**Task**
Keep the lines exact and the pictures out as you repeat the following listing.

**Input data**
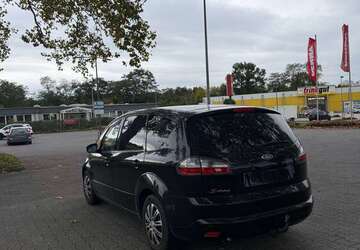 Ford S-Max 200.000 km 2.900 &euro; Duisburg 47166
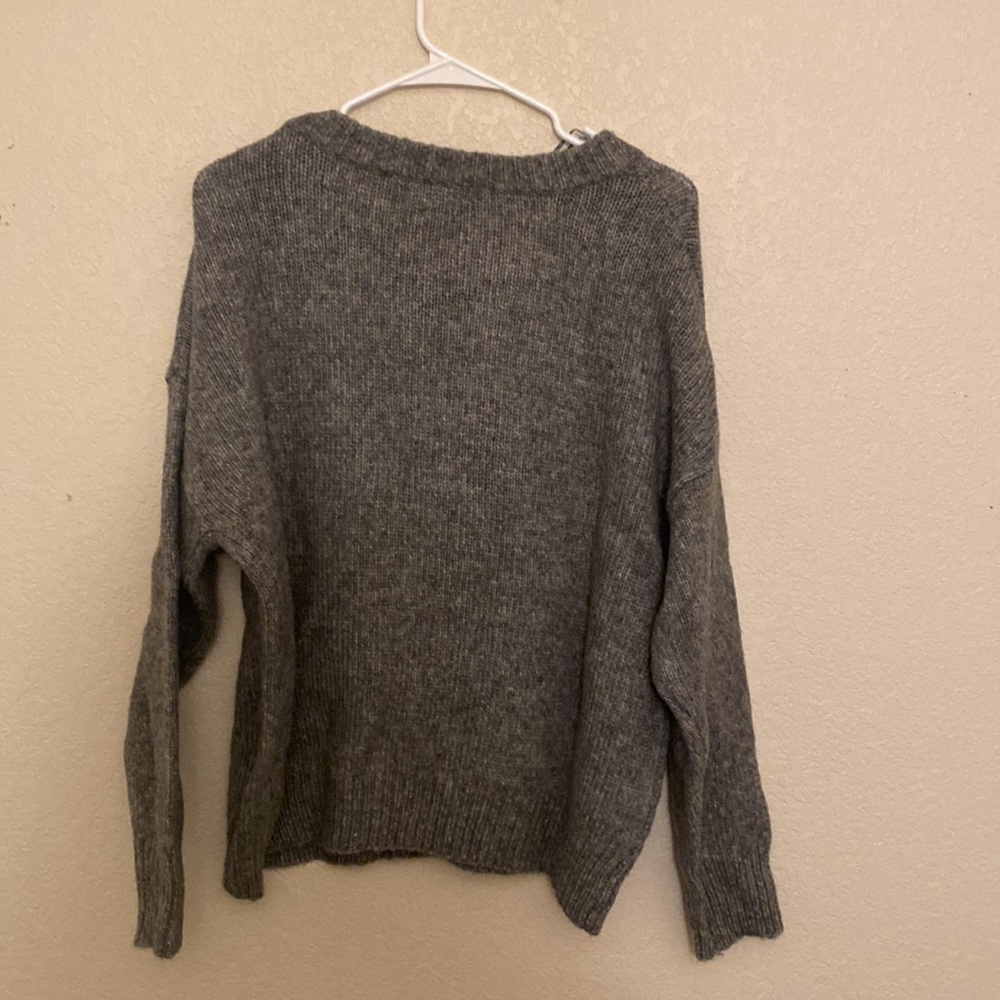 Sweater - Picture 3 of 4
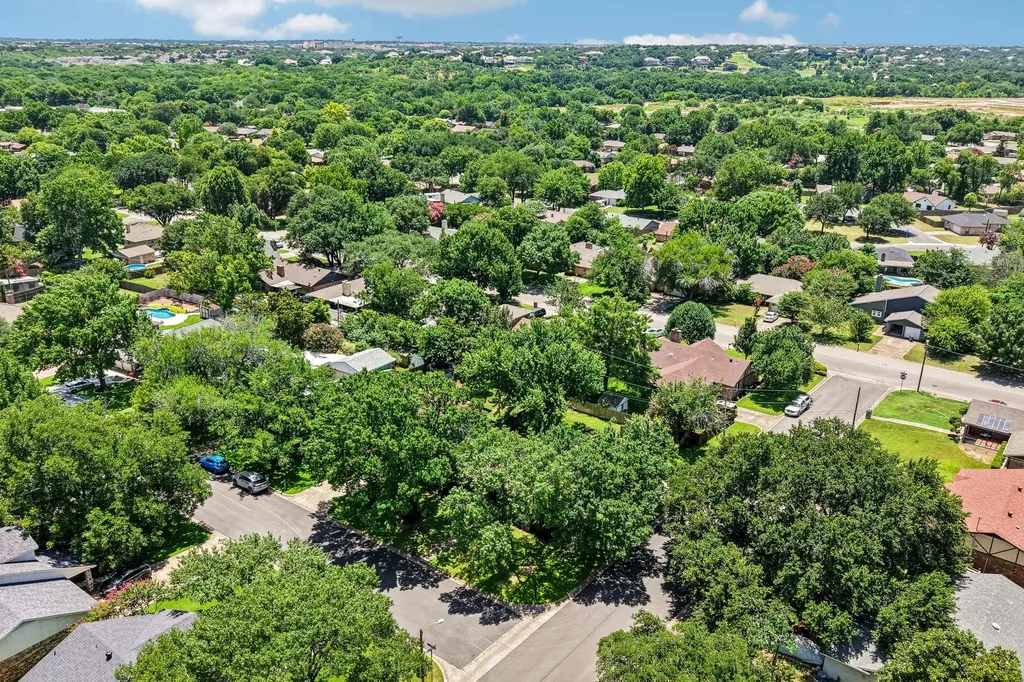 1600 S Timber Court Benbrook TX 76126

**Your response**
 Ford S-Max 200.000 km 2.900 &euro; Duisburg 47166
 Sweater - Picture 3 of 4
 1600 S Timber Court Benbrook TX 76126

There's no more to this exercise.